A supporter of the Muslim Brotherhood movement holds a placard showing ousted president Mohamed Morsi on January 24, 2015 in the capital Cairo. © AFP

Egypt's permanent human rights committee has criticized the Human Rights Watch (HRW) for its report on dismal human rights record in the Arab country, saying the report “lacks credibility, and objectivity,” Press TV reports.

An official statement by the committee on Thursday said the HRW report was a “deliberate attempt to distort realities” aimed at “destabilizing Egypt.”

In its June 8 report which; coincided with the first anniversary of the inauguration of President Abdel-Fattah el-Sisi, the HRW slammed the “flagrant abuse of human rights” during Sisi’s one year of rule in the most populated Arab country.

Sisi, the former army chief, rose to power after a coup against Mohamed Morsi, Egypt’s first democratically president in July 2013.

The Egyptian human rights committee, which is headed by transitional justice minister Ibrahim al-Heneidy, said it was totally dismayed by the HRW report, condemning what it called clear attempts "incite the international community against Egypt, and its people” through “undocumented, and baseless information.”

The Egyptian Foreign Ministry also issued a statement on Tuesday, saying the "politicized” report "lacks the basic rules of precision and objectivity.”

Egypt's Foreign Ministry and human rights committee have criticized the HRW for its “silence on terrorism” in Egypt. They say Cairo has been forced to crack down on "terrorists" who have endangered the lives of citizens and security forces.

The HRW report, titled “Egypt: Year of Abuses Under al-Sisi,” accused the Egyptian leader of presiding over flagrant abuse of rights since taking office.

It accused Sisi of undermining the achievements of the 2011 uprising that toppled Egypt’s longtime dictator, Hosni Mubarak.

Egyptian President Abdel-Fattah el-Sisi © AFP

 

“Sisi and his cabinet, governing by decree in the absence of an elected parliament, have provided near total impunity for security force abuses and issued a raft of laws that severely curtailed civil and political rights,” the Monday report said.

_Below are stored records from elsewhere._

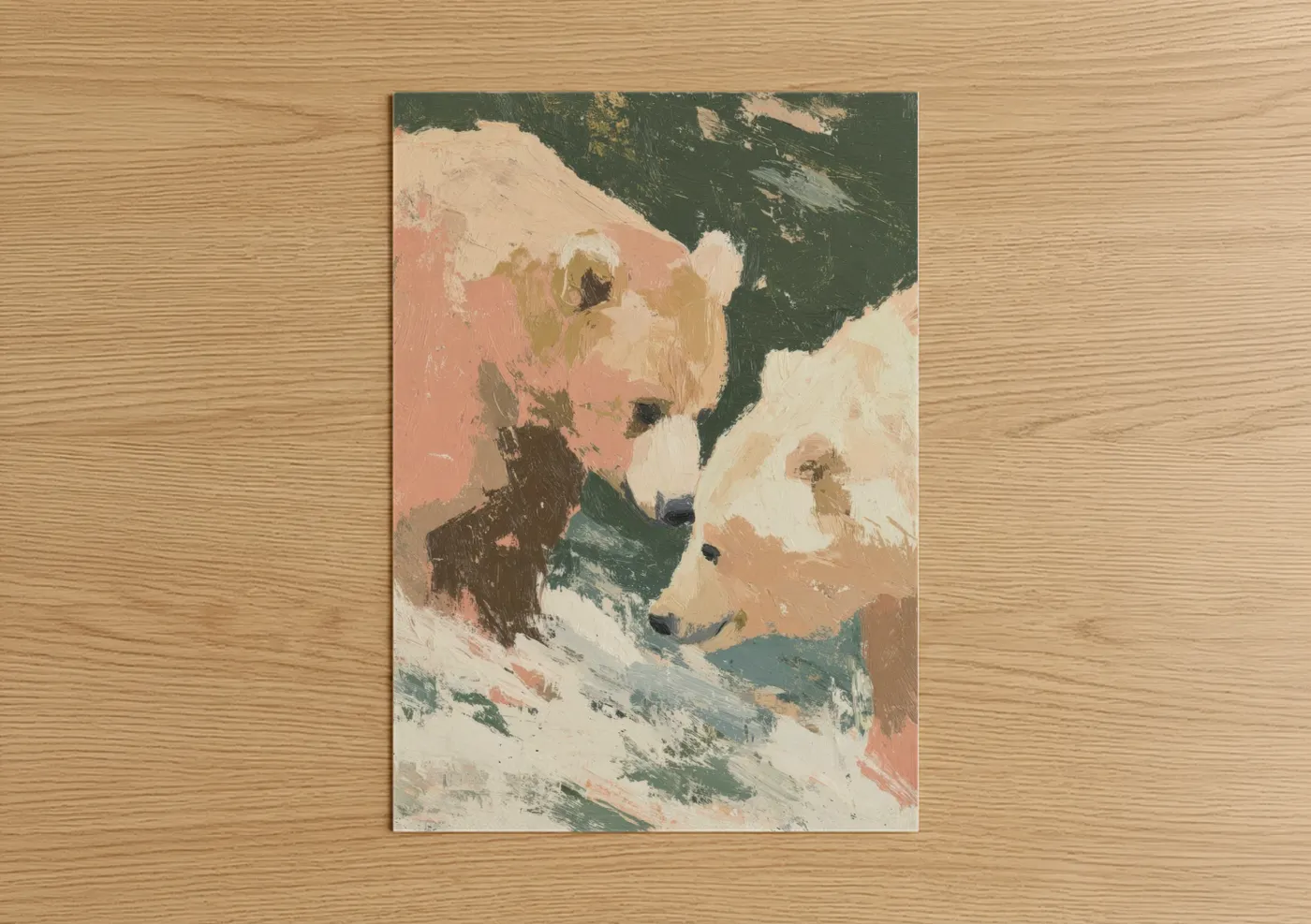 Affectionate Bears Abstract Love Wall Art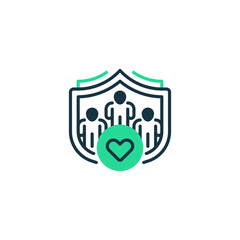 Poster - Insurance Shield line icon. Universal creative premium symbol. Vector sign icon logo template. Vector illustration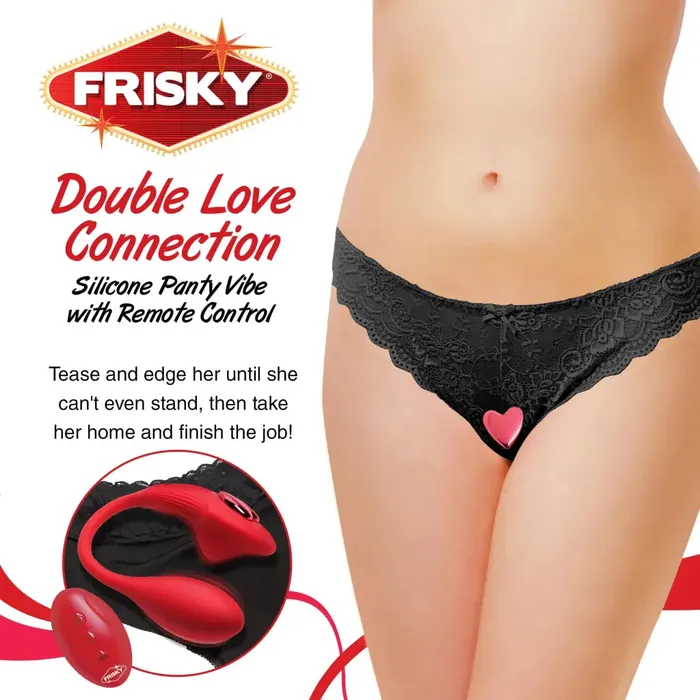 XR Brands Female Sex Toys Double Love Connection Silicone Panty Vibe With Remote Control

Rights groups say Sisi has established a regime more repressive than that of the Mubarak, putting thousands of people, including notable rights activists, behind bars. The Egyptian courts have sentenced hundreds of people to death, including Morsi, in speedy and mass trials that have been described by the United Nations as unprecedented in history.

The heavy-handed crackdown has been mainly focused on members of the Muslim Brotherhood, an outlawed party whose members include Morsi and his Cabinet officials. 

“What makes it worse is that Western governments that subordinated human rights in their relations with Egypt during the Mubarak era seem ready to repeat their mistake,” the HRW report said.